На заводском аэродроме, несмотря на ранний час, первым встретил летчика генеральный конструктор:

— Как леталось, Владимир Константинович?

— Нормально. Маршрут, правда, был трудный и с правым крайним пришлось повозиться...

— Поехали вместе в город. По дороге расскажете. Я сяду за руль, вы устали. Доставлю с ветерком!

После обстоятельной беседы Ильюшин, прощаясь с Коккинаки, спросил:

— А сегодняшний полет не юбилейный? Вот-вот должно исполниться тридцать лет, как вы стали летчиком.

— Я не в ладах с хронологией, — улыбнулся в ответ Коккинаки, — и юбилеев не люблю... Значит условились, что будем делать завтра.

Первый рекорд

Генерал-майор авиации, заслуженный летчик-испытатель СССР Владимир Константинович Коккинаки живет в Москве, на Ленинградском проспекте, напротив Центрального аэродрома. В раскрытые окна его квартиры доносится гул моторов, отсюда видно, как поднимаются и опускаются самолеты. Многим из них он дал в свое время «путевку в жизнь».

В небольшом кабинете летчика на книжных шкафах, вытянувшихся вдоль всей стены, стоят модели крылатых машин. Крошечные самолеты выточены из слоновой кости и дерева, вырезаны из плексигласа, отлиты из алюминия и стали. Это миниатюрные копии машин, «крестным отцом» которых был хозяин кабинета. Моделей много, но книг куда больше. Плотными рядами они выстроились в книжных шкафах, лежат на письменном столе. В углу комнаты — объемистая пачка еще не просмотренных томов, видно, только что доставленных из магазина.

Коричневые томики сочинений В. И. Ленина соседствуют с зелеными переплетами книг Анатоля Франса, теоретические работы «отца русской авиации» Н. Е. Жуковского — с фундаментальной историей древней Греции, записки Бисмарка — с «Жизнью животных» Брэма... Но больше всего в кабинете книг по изобразительному искусству — альбомы репродукций и монографии о мастерах живописи на русском, немецком, английском и итальянском языках... На столе внимание привлекает роскошно изданный альбом, воспроизводящий картины известной коллекции президента Индонезии Сукарно.

Летчик — знаток и ценитель живописи.
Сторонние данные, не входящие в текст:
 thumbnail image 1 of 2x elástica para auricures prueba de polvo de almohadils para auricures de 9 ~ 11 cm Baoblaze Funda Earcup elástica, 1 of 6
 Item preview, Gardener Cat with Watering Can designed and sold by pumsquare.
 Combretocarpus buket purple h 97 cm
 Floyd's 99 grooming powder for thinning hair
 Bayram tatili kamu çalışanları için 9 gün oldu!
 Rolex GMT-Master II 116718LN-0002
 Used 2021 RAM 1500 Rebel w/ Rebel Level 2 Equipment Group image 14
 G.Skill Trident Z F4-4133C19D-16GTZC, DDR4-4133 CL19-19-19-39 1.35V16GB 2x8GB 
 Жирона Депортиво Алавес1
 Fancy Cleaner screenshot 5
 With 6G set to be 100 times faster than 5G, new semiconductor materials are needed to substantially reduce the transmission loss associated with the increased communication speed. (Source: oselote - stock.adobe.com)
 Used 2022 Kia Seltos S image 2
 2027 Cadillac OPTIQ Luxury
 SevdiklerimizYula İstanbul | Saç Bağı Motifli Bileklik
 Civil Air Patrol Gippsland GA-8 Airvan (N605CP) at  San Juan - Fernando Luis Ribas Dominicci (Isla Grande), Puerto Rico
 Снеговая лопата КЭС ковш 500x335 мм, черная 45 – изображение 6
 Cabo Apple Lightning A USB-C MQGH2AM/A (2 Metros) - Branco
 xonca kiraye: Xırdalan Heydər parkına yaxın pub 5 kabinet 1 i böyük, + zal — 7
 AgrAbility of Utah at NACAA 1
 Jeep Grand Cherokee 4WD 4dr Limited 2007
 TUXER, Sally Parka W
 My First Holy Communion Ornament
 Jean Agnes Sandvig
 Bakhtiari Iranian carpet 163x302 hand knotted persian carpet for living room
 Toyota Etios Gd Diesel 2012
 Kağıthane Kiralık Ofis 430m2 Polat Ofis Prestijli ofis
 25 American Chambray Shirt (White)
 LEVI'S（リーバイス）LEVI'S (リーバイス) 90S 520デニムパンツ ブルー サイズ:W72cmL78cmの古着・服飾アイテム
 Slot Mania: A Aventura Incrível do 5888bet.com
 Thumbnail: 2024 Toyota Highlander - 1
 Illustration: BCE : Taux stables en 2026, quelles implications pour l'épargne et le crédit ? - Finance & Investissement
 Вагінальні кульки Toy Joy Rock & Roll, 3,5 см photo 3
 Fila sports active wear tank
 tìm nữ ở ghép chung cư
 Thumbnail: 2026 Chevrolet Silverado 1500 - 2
Он давно уже собирает картины русских художников и даже более охотно беседует об искусстве, чем о полетах.

Над его письменным столом висит прекрасная картина — волны грозного штормового моря подбрасывают маленькую парусную шхуну.

— Люблю Айвазовского, — говорит летчик, — непревзойденный поэт моря, нашего Черного моря... Смотрю на эту картину, и кажется, будто доносится до меня соленый ветер моей юности.

...Коккинаки родился в Новороссийске, в пыльном и шумном портовом городе, где то бывает нестерпимая липкая жара, когда воздух чуть колышется от горячего марева, то дует свирепый норд-ост, которого побаиваются даже бывалые рыбаки.